Billie Joe Armstrong, le leader de Green Day, a accusé Wal-Mart de vouloir censurer son album 21st Century Breakdown en refusant de l'offrir dans ses magasins aux États-Unis, rapportait cette semaine Associated Press. Gros scandale? Euh, pas vraiment, non. Il y a cinq ans, le géant du commerce de détail avait aussi refusé de vendre American Idiot.

L'irritation de Green Day est compréhensible: ne pas être disponible dans cet important magasin grande surface a un impact certain sur les ventes de ses disques. 21st Century Breakdown, qui s'est écoulé à 215 000 exemplaires en trois jours la semaine dernière, souffrira sans doute un peu de cette exclusion.

L'accusation de censure semble toutefois relever de la stratégie publicitaire: il y a des années que Wal-Mart a décidé de ne pas heurter ses clients les plus chatouilleux en n'offrant aucun disque portant la mention « contenu explicite» aux États-Unis. L'industrie du disque s'est d'ailleurs ajustée depuis longtemps, puisque les producteurs proposent souvent des versions dites «propres» des albums potentiellement litigieux. Un compromis que Green Day refuse.

Billie Joe Armstrong estime qu'il n'y a rien d'offensant dans 21st Century Breakdown. Son contenu est effectivement loin d'être aussi explicite que celui de Relapse, le dernier Eminem. En attaquant Wal-Mart, il se trompe toutefois de cible: ce n'est pas le détaillant qui choisit quel disque portera le célèbre logo, mais les producteurs de disques.

Le programme Parental Advisory Label (PAL) a été mis en place au début des années 90 par la Recording Industry Association of America (RIAA), le regroupement des géants américains du disque, dans la foulée des pressions exercées par le Parents Music Ressource Center à partir du milieu des années 80. Ce groupe formé de quatre mamans - dont Tipper Gore, la femme de l'ancien vice-président Al Gore - était très inquiet de l'influence néfaste de la musique populaire sur leurs beaux enfants.

Ainsi, pour ne pas choquer les parents susceptibles - la RIAA elle-même affirme que les jeunes ne font pas tellement attention aux paroles -, les compagnies de disques ont mis en place ce système d'étiquette, parfois ironiquement baptisé «Tipper Sticker». Puisque le PAL n'est pas géré de manière centralisée, son application peut sembler aléatoire.

Billie Joe Armstrong peut bien parler de censure, mais qu'il en accuse d'abord Reprise et Warner, les deux compagnies avec lesquelles il est lié.

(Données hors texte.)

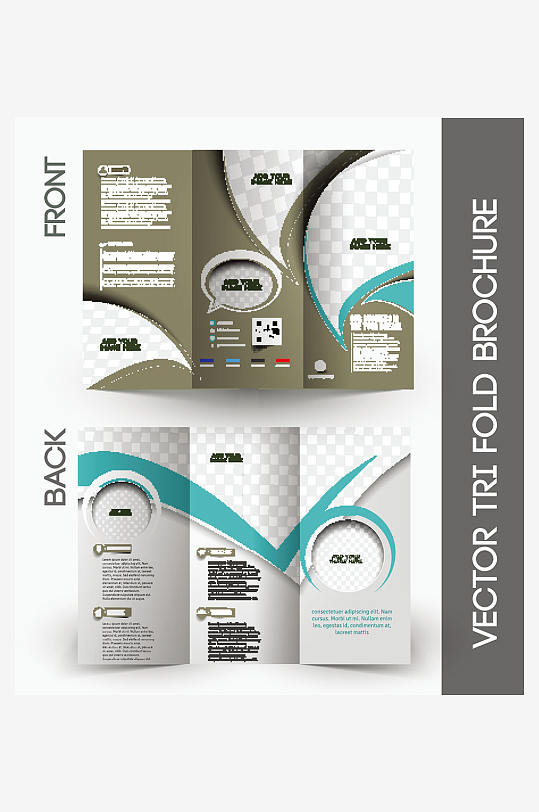 企业海报传单宣传折页素材-众图网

Sauf qu'une manchette affirmant que Green Day est en litige avec sa compagnie de disques, c'est beaucoup moins sexy qu'une autre mettant en cause Wal-Mart...

Eminem, canon de 2009?

Sans qu'aucun chiffre officiel ne soit disponible, plusieurs sites annonçaient que Relapse d'Eminem allait faire son entrée directement en première position du palmarès la semaine prochaine. Des pronostiqueurs lançaient même le chiffre de 615 000 exemplaires en six jours, ce qui en ferait le départ canon de 2009. N'importe qui peut prédire qu'Eminem sera un numéro 1, le seul rival sérieux de Relapse a été publié... quatre jours plus tôt.

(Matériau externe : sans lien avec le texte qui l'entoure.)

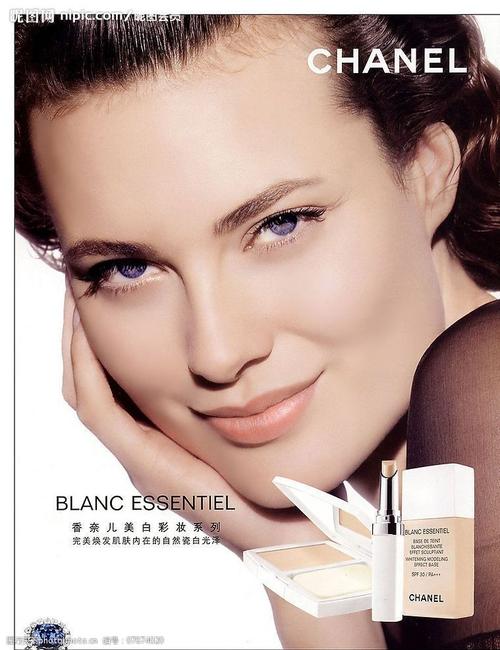 香奈儿彩妆系列 美女 美白 化妆品 人物图库 人物写真 各类广告中的女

Warner a en effet commercialisé 21st Century Breakdown de Green Day un vendredi, alors que les disques arrivent généralement en magasin le mardi. En agissant de la sorte, Warner a précisément évité un face-à-face qui aurait probablement été remporté par Eminem. Parce que les disques du rappeur, eux, sont disponibles en version «clean» dans les magasins Wal-Mart. Eminem est sans scrupules, c'est bien connu.